→ **EXERCISE INPUT**
☆ ☆ ☆ ☆ ☆
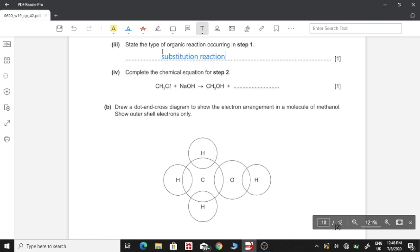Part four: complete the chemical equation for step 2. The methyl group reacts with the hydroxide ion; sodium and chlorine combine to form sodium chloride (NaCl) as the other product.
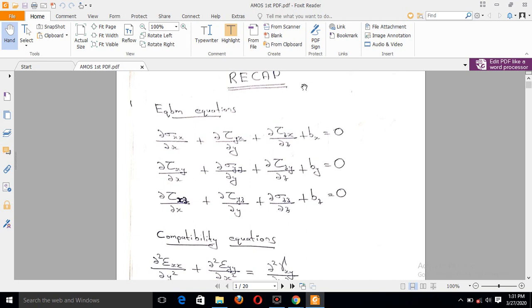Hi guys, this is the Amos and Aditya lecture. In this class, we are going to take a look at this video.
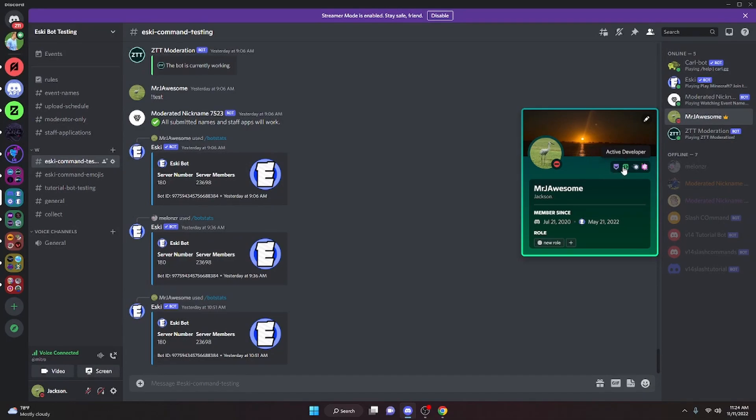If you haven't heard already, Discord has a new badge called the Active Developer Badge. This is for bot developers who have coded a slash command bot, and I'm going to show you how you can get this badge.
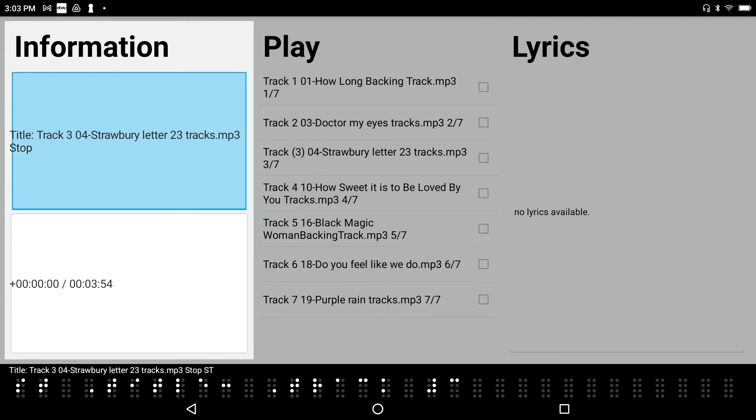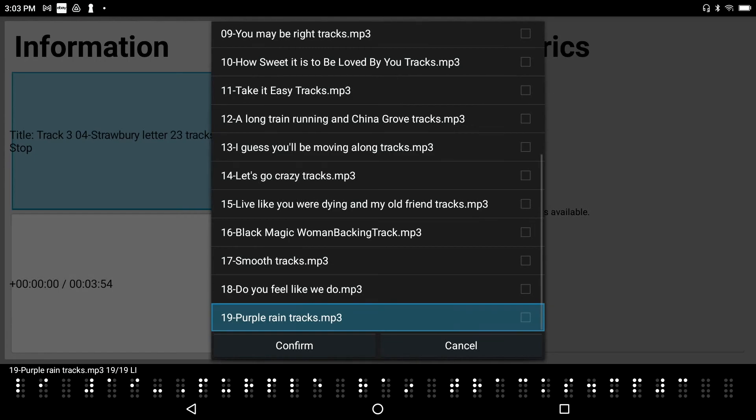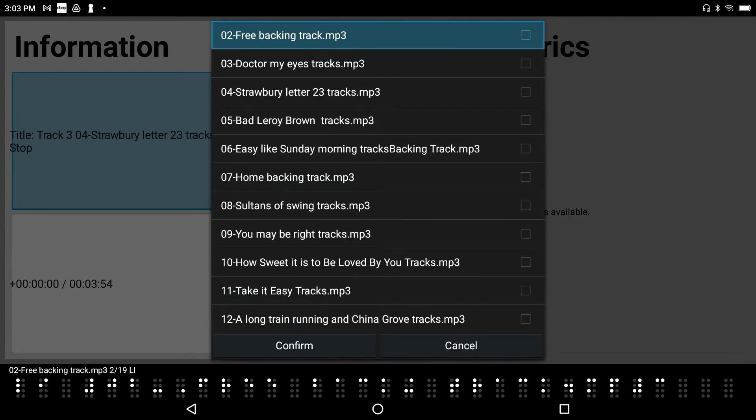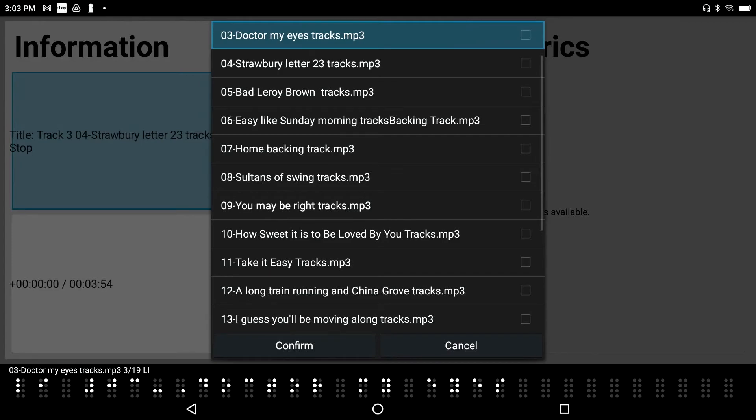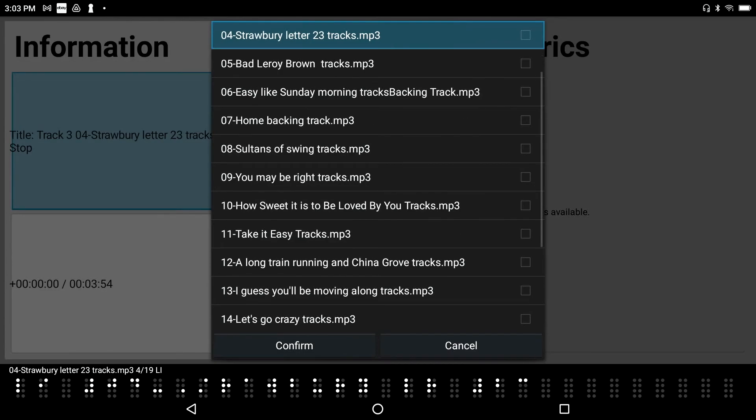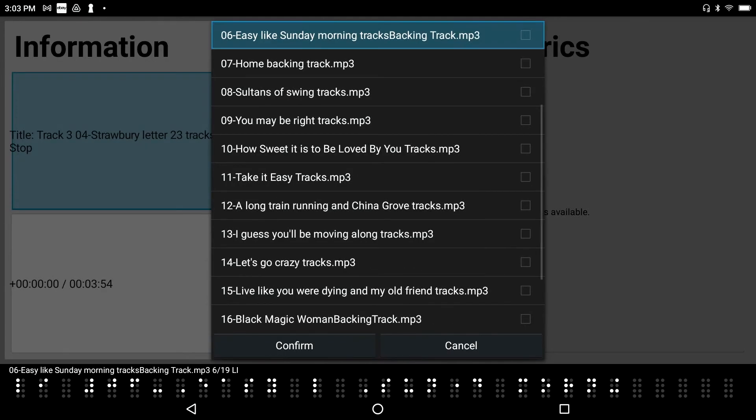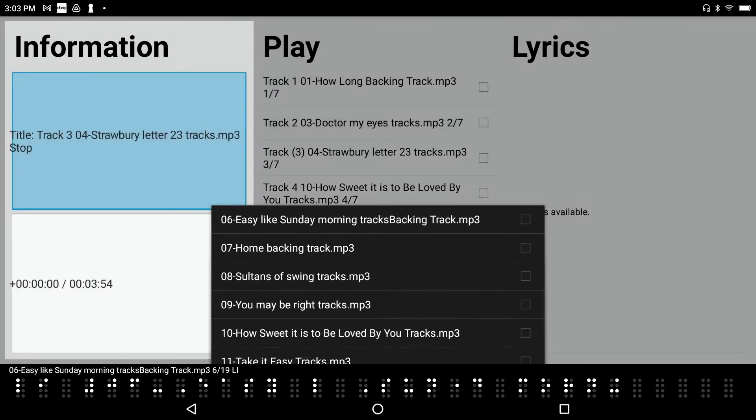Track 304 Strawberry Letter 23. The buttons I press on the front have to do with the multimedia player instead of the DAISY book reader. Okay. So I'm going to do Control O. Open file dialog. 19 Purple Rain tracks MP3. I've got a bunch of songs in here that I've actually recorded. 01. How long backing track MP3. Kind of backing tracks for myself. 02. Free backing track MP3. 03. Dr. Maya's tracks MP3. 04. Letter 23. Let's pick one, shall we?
☆ ☆ ☆ ☆ ☆
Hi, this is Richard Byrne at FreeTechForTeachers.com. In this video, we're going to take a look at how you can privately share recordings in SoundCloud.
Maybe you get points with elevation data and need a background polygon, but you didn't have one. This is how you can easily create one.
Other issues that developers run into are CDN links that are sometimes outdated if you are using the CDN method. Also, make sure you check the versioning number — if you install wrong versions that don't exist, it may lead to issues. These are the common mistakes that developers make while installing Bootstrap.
☆ ☆ ☆ ☆ ☆
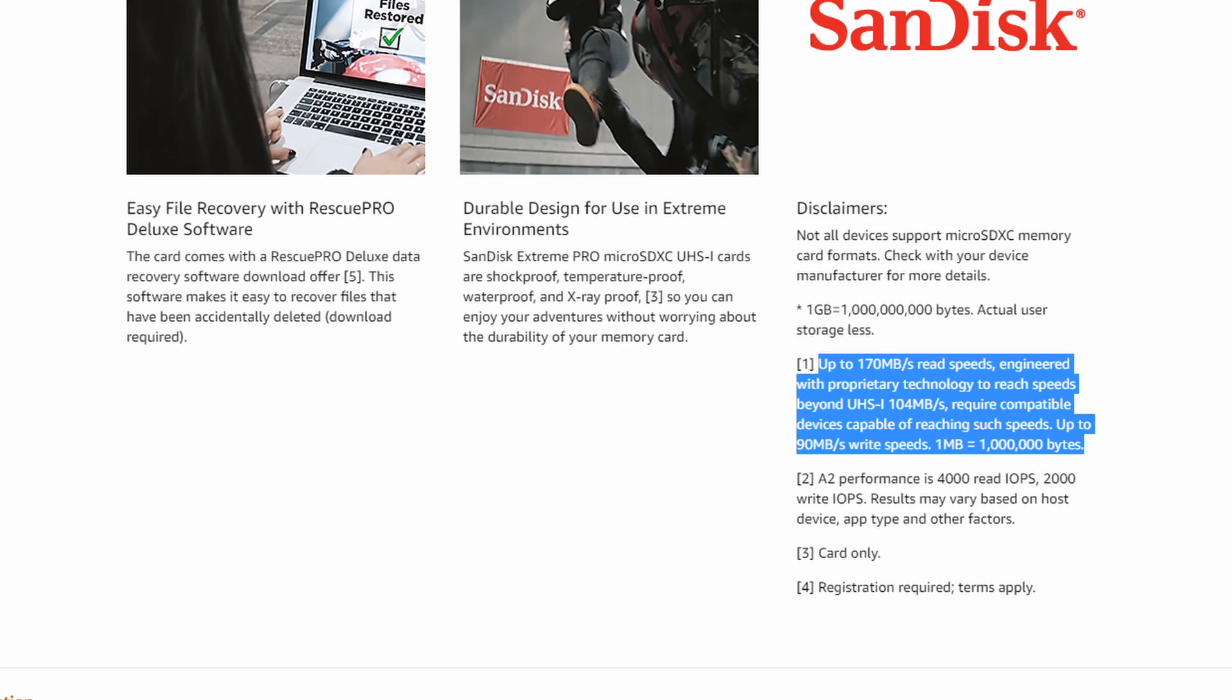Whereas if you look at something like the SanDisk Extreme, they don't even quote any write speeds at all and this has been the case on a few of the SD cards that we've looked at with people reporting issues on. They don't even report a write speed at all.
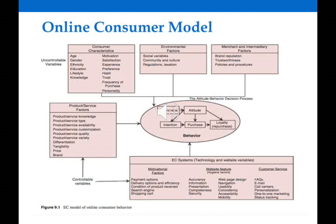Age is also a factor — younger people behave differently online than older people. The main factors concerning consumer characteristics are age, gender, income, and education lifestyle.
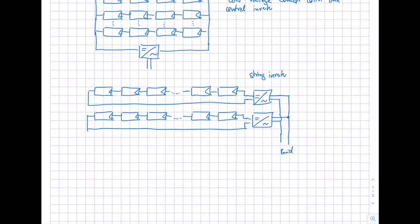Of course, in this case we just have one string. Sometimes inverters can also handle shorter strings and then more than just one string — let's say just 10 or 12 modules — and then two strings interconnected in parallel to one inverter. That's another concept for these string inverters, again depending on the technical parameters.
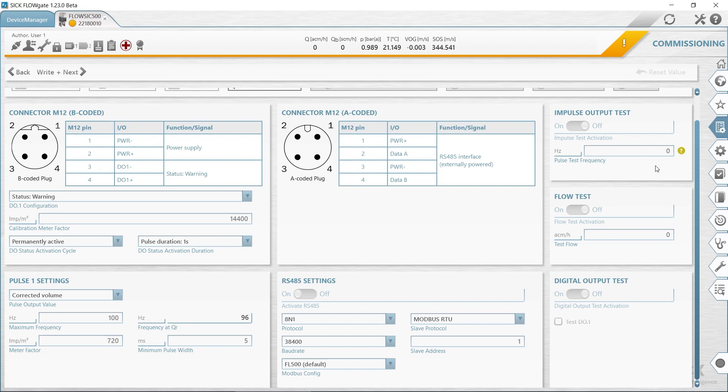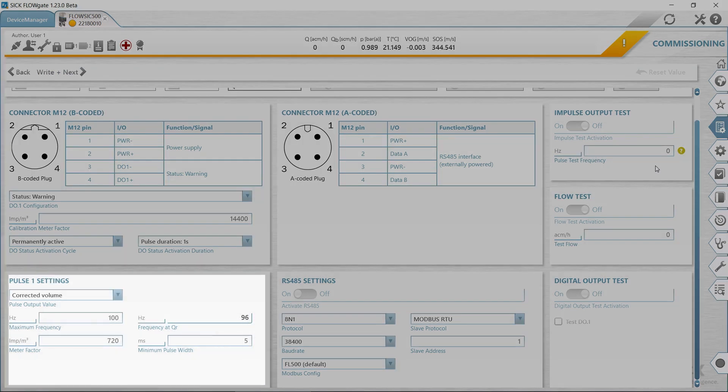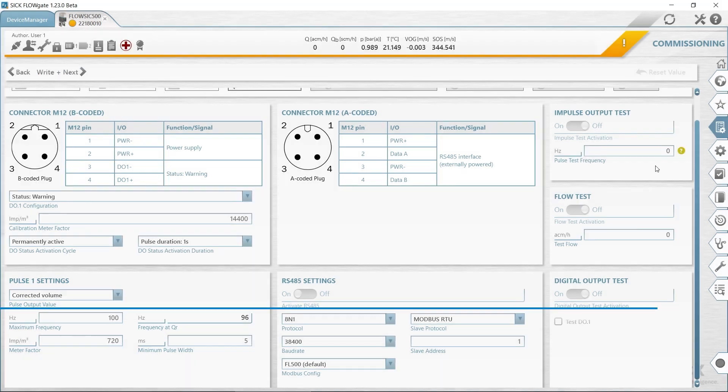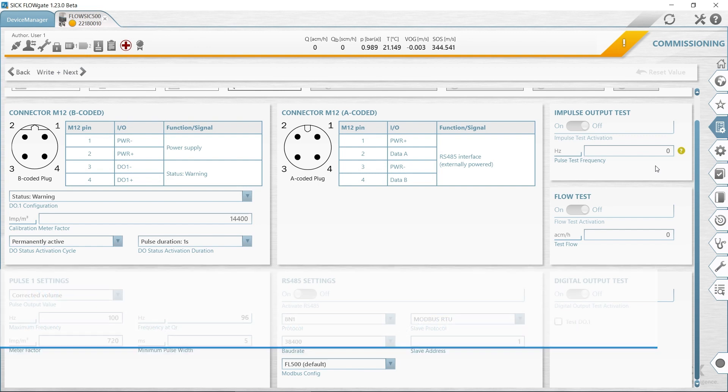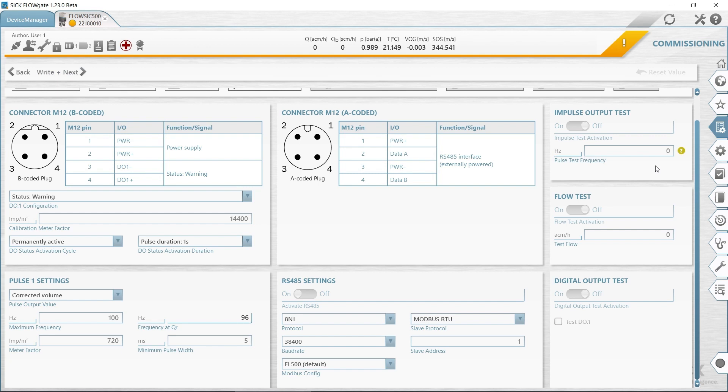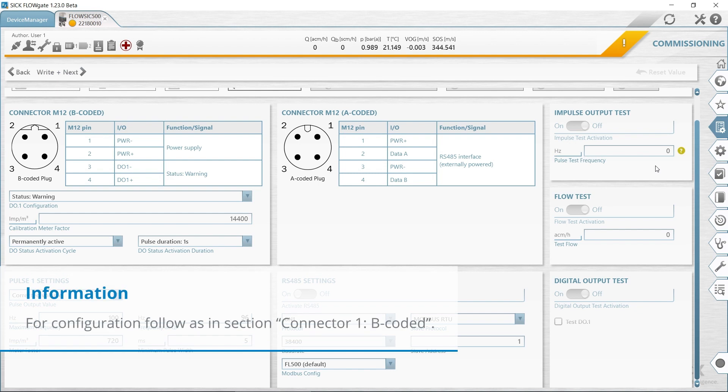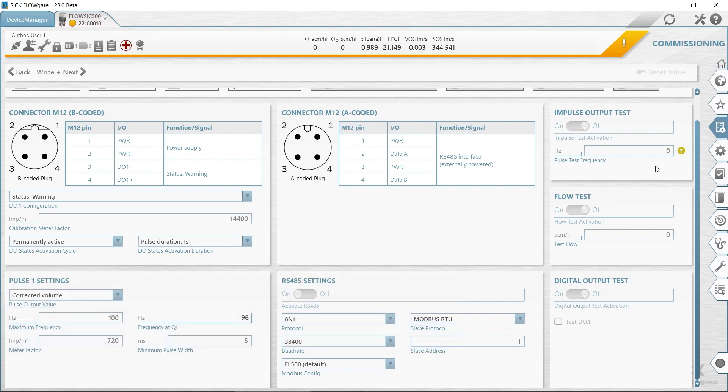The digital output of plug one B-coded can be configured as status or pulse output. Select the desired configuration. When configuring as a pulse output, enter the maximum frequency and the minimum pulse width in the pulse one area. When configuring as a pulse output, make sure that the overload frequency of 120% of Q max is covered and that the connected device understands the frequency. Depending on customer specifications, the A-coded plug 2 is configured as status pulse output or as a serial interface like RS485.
☆ ☆ ☆ ☆ ☆
→ **THE PROBLEM**
Copy the records above exactly, beginning at the line that contains "Maybe you get" and stopping after the line that contains "Other issues that".

→ **OUTPUT FOR THIS TASK**
Maybe you get points with elevation data and need a background polygon, but you didn't have one. This is how you can easily create one.
Other issues that developers run into are CDN links that are sometimes outdated if you are using the CDN method. Also, make sure you check the versioning number — if you install wrong versions that don't exist, it may lead to issues. These are the common mistakes that developers make while installing Bootstrap.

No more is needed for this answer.